Start of Block
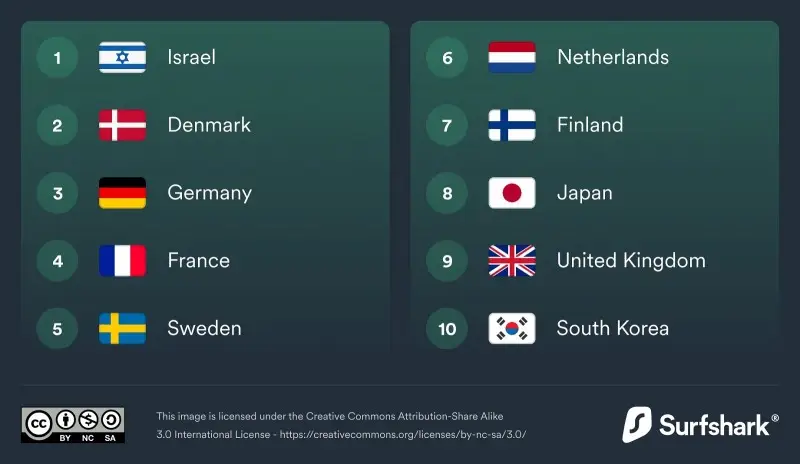 Un gráfico que muestra los países con el mayor estado de bienestar digital en 2022. ((Surf shack, CC BY 3.0)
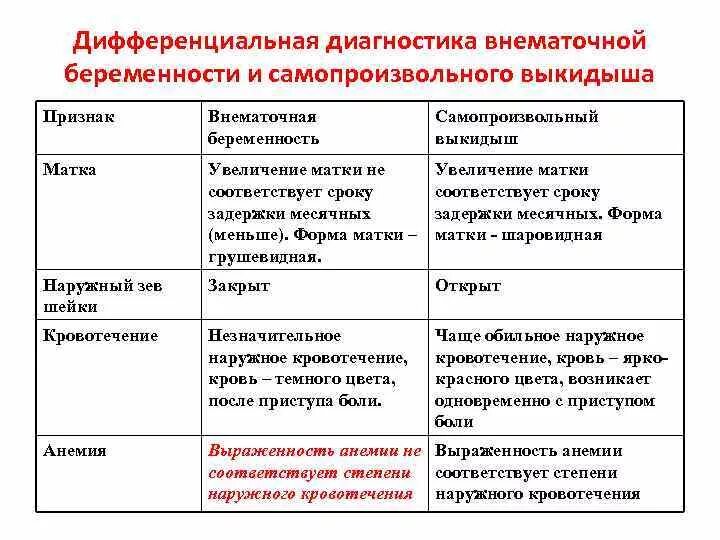 Признаки угрозы выкидыша на раннем сроке. Признаки угрозы выкидыша на раннем сроке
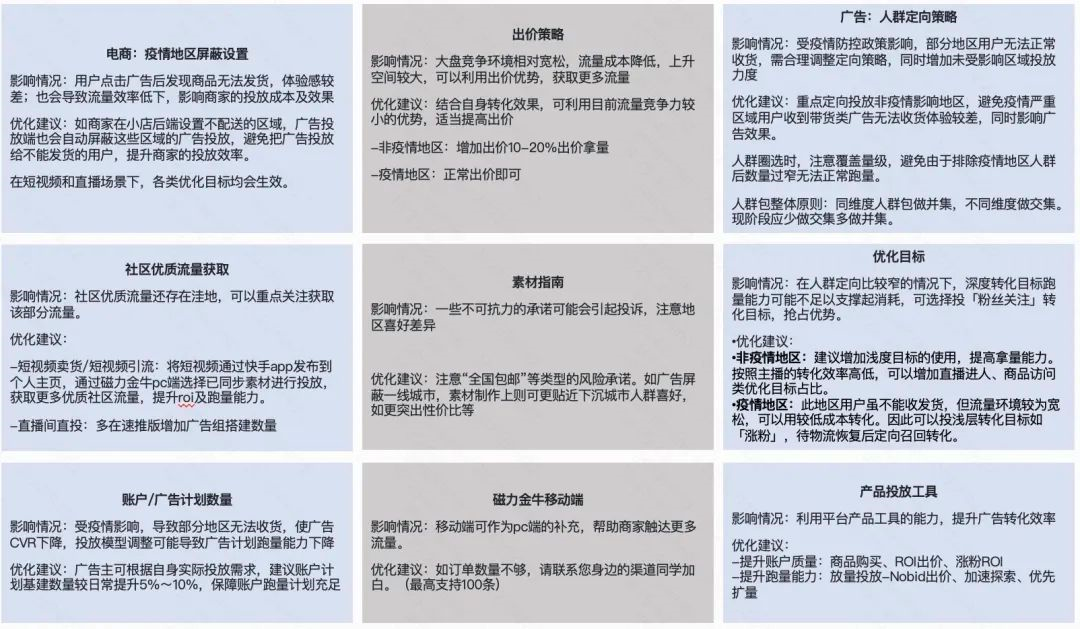 特殊时期百货行业怎么做？|快手推广开户代理商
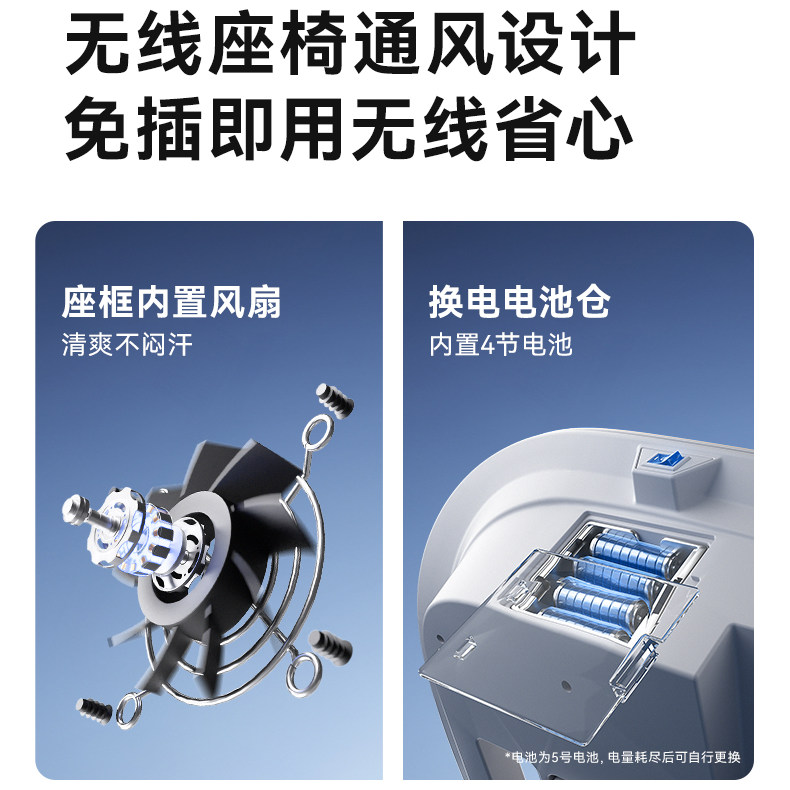Ergonomic Office Chair with He - огляд і ціна Esports Gaming Furniture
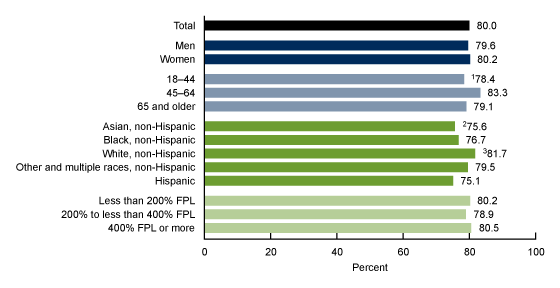 Figure 2 is a bar chart showing the age-adjusted percentage of adults who practiced yoga to restore overall health, by sex, age, race and Hispanic origin, and family income for 2022.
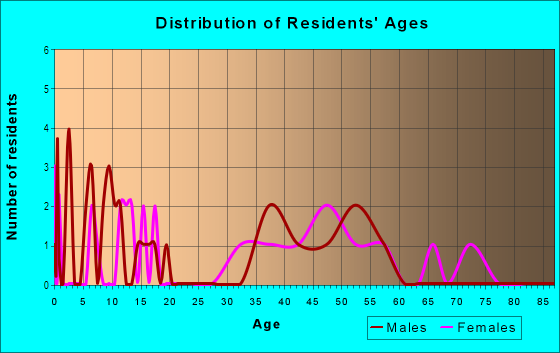 Age and Sex of Residents in Vista Firenza in Laguna Hills, CA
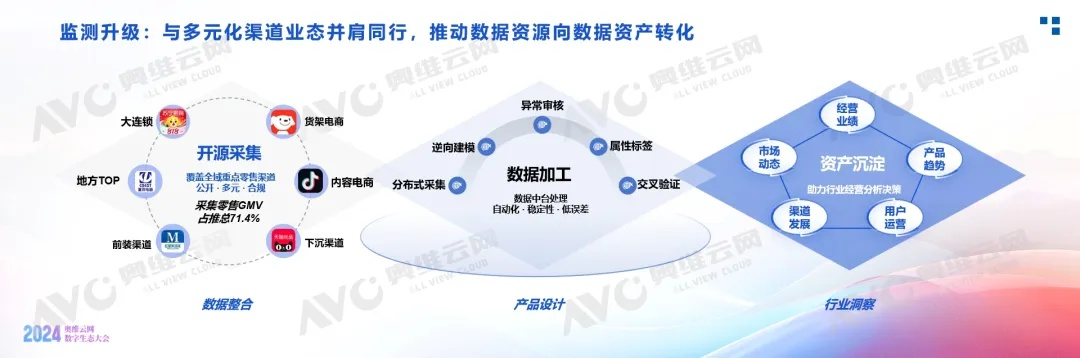 诚信广告联盟，重塑数字营销生态的基石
End of Block
• _Work instruction_
The reply should contain every line of the material exactly, and no images.

• _Problem solution_
 Un gráfico que muestra los países con el mayor estado de bienestar digital en 2022. ((Surf shack, CC BY 3.0)
 Признаки угрозы выкидыша на раннем сроке. Признаки угрозы выкидыша на раннем сроке
 特殊时期百货行业怎么做？|快手推广开户代理商
Ergonomic Office Chair with He - огляд і ціна Esports Gaming Furniture
 Figure 2 is a bar chart showing the age-adjusted percentage of adults who practiced yoga to restore overall health, by sex, age, race and Hispanic origin, and family income for 2022.
 Age and Sex of Residents in Vista Firenza in Laguna Hills, CA
 诚信广告联盟，重塑数字营销生态的基石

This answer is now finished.